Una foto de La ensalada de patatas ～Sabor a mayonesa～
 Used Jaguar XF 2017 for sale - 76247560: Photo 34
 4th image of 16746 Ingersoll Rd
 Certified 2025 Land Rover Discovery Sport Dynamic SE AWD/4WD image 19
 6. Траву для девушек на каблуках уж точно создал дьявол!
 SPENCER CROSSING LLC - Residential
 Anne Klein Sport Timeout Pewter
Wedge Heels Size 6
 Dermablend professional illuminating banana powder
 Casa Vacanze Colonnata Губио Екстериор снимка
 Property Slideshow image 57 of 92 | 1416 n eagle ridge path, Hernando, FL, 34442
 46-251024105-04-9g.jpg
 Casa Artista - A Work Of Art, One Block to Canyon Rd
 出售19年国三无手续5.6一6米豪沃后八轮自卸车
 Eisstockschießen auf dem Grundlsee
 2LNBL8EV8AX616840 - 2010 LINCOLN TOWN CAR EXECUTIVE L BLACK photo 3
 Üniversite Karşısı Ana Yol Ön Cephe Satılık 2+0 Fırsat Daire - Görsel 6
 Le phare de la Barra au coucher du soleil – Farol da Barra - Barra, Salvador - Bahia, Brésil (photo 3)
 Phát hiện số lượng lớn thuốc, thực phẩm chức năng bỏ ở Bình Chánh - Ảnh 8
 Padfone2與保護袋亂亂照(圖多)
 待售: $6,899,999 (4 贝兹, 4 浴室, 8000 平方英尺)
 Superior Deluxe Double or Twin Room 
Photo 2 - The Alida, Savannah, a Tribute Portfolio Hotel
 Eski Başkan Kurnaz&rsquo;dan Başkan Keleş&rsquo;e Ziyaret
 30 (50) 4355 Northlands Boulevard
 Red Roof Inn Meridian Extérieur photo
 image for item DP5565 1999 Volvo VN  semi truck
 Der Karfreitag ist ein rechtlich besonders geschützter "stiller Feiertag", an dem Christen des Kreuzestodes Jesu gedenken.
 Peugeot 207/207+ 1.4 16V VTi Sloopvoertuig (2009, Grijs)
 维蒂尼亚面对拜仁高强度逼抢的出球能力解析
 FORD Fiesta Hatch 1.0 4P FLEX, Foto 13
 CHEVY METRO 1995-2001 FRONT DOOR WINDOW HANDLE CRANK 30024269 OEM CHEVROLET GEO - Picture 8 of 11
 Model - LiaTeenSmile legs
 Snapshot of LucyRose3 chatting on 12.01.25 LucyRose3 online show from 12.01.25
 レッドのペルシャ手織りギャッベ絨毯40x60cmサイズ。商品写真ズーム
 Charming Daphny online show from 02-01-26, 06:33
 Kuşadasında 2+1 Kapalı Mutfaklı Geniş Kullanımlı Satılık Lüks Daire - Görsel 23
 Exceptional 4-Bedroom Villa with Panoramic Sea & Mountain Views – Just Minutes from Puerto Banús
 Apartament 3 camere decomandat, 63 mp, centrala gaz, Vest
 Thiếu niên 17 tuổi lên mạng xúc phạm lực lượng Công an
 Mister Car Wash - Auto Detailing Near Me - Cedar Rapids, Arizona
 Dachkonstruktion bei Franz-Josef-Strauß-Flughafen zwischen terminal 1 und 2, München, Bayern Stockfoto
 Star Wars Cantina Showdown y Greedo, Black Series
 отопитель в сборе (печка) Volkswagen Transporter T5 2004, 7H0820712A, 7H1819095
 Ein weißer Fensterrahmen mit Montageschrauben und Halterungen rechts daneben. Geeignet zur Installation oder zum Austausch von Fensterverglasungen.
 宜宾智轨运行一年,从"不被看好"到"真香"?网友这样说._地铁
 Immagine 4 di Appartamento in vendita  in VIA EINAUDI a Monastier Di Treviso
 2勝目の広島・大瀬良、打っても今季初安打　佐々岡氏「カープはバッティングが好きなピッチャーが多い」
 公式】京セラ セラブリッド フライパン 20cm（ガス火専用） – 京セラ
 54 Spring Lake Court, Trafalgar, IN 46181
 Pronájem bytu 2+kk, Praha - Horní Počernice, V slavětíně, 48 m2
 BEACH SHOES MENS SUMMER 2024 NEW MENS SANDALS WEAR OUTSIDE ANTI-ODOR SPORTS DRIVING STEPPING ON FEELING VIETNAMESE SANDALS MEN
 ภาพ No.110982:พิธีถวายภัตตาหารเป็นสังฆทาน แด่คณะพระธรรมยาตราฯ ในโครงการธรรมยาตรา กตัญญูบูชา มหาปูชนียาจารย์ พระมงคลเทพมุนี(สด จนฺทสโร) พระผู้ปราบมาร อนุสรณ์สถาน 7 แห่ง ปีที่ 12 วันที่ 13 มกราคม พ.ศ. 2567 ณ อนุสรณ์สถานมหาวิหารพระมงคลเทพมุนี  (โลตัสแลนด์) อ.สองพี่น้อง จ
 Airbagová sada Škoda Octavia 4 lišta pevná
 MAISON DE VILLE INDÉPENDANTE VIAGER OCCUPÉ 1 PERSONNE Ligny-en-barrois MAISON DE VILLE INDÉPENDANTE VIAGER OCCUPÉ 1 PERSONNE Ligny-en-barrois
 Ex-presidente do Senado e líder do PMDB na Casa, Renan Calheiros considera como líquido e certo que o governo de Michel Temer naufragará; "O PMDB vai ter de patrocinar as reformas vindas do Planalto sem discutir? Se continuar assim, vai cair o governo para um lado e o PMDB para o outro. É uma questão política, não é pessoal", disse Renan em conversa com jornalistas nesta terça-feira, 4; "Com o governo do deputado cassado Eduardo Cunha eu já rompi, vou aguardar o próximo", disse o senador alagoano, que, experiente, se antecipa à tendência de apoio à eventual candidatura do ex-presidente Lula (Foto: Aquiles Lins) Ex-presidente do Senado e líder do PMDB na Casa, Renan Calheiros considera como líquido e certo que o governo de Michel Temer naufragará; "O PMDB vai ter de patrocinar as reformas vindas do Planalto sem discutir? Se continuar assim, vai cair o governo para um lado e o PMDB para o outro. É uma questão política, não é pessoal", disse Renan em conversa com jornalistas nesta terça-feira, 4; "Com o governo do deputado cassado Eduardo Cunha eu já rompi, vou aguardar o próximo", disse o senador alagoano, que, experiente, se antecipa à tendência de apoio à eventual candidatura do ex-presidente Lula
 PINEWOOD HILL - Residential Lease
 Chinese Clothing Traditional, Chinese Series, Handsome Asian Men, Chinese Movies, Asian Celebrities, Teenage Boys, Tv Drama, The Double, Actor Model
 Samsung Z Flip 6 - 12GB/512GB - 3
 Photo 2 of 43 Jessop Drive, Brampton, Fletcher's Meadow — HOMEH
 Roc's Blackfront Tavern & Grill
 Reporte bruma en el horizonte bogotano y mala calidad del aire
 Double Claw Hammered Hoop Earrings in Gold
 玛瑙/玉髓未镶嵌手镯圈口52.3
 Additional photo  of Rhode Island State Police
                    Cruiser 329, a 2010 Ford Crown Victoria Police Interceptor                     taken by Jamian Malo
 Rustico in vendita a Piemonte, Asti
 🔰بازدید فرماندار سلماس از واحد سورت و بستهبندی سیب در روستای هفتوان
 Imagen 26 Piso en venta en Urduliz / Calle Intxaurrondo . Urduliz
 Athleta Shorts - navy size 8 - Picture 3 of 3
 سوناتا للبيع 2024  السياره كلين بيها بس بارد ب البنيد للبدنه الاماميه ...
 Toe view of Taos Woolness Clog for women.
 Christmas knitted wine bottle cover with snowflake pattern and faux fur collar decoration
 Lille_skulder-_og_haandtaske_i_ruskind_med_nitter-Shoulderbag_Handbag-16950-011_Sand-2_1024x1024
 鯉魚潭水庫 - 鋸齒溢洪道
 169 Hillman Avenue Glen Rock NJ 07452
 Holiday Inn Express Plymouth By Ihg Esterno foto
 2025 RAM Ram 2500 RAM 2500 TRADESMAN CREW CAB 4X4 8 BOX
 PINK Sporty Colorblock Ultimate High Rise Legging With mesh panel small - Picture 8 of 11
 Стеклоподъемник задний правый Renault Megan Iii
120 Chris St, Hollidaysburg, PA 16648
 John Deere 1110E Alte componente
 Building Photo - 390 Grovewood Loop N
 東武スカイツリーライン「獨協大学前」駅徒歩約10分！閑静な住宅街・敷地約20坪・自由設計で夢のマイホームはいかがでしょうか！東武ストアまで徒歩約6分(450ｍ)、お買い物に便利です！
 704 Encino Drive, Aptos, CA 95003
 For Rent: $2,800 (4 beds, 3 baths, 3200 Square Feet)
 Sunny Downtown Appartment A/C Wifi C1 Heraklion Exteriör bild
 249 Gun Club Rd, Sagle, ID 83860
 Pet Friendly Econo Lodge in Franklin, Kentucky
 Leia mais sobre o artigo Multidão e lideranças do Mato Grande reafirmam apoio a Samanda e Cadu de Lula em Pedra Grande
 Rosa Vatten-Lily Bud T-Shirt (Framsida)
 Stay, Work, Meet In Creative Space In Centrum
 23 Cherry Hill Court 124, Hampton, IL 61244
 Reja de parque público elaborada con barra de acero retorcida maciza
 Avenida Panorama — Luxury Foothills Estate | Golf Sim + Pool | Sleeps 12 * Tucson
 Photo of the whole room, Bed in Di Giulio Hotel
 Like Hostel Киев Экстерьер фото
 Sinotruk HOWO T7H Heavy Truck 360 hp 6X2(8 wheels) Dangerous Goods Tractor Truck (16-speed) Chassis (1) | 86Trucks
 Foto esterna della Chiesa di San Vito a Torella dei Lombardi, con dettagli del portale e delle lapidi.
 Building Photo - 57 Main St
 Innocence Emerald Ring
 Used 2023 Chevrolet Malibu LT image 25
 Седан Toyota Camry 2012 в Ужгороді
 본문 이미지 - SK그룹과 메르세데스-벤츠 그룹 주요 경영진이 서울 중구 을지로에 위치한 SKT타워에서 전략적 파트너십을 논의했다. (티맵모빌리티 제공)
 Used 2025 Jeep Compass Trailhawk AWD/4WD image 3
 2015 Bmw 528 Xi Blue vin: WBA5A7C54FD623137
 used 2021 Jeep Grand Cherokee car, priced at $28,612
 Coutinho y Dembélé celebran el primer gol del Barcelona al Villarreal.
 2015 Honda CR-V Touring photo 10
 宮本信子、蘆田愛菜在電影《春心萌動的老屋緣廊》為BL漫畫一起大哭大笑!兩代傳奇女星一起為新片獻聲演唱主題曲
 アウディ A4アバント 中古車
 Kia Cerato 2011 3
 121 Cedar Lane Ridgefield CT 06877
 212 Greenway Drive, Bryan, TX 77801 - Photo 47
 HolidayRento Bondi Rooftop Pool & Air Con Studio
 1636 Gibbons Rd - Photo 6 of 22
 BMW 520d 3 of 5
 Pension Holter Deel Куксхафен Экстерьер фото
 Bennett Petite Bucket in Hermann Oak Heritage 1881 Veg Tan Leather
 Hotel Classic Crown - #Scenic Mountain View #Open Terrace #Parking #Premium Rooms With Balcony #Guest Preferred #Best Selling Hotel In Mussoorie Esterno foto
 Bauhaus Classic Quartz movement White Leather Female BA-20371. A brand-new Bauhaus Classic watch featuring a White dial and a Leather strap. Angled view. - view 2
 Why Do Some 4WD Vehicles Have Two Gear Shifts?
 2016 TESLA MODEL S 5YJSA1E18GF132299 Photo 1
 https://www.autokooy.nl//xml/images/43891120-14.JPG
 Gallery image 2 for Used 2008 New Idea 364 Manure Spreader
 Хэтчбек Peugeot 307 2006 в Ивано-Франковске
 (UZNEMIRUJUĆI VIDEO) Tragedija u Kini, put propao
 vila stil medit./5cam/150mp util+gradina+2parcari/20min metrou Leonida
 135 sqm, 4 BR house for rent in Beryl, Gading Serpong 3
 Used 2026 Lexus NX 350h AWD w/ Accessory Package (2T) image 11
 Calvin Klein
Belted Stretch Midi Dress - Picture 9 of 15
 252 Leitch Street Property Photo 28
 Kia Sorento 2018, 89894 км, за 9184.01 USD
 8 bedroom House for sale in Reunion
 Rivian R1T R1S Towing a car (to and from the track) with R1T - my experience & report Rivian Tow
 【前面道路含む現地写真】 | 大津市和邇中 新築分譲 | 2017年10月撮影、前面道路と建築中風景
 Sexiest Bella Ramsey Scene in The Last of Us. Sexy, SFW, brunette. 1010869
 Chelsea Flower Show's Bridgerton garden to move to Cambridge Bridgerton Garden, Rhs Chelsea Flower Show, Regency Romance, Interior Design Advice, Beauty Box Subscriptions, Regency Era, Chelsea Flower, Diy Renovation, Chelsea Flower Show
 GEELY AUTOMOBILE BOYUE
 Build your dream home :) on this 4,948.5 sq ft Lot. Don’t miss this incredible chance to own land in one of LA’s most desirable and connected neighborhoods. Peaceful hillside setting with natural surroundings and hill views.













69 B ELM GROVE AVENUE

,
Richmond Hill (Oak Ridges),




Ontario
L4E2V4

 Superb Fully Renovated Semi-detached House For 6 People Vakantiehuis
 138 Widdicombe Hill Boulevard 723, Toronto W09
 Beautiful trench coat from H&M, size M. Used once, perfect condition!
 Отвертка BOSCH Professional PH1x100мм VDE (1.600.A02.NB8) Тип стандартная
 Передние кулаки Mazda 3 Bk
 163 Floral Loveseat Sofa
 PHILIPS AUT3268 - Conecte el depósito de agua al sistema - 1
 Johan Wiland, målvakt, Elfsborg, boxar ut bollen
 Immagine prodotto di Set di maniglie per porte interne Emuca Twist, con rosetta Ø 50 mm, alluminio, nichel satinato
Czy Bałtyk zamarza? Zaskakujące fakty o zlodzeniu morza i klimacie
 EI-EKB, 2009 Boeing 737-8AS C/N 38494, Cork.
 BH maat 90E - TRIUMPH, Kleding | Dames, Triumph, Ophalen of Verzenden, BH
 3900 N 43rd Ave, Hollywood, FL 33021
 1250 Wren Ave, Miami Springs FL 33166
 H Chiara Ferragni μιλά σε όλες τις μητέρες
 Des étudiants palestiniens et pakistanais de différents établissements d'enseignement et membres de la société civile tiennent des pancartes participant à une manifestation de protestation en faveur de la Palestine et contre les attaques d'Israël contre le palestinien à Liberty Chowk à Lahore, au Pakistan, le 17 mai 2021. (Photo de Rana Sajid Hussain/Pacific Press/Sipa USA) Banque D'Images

* [WORK INSTRUCTION]
Taking the material above, extract exactly and only the lines from the line with "BH maat 90E" to the line with "H Chiara Ferragni μιλά σε όλες τις μητέρες", inclusive of both.

* [SOLUTION FOR THIS EXERCISE]
 BH maat 90E - TRIUMPH, Kleding | Dames, Triumph, Ophalen of Verzenden, BH
 3900 N 43rd Ave, Hollywood, FL 33021
 1250 Wren Ave, Miami Springs FL 33166
 H Chiara Ferragni μιλά σε όλες τις μητέρες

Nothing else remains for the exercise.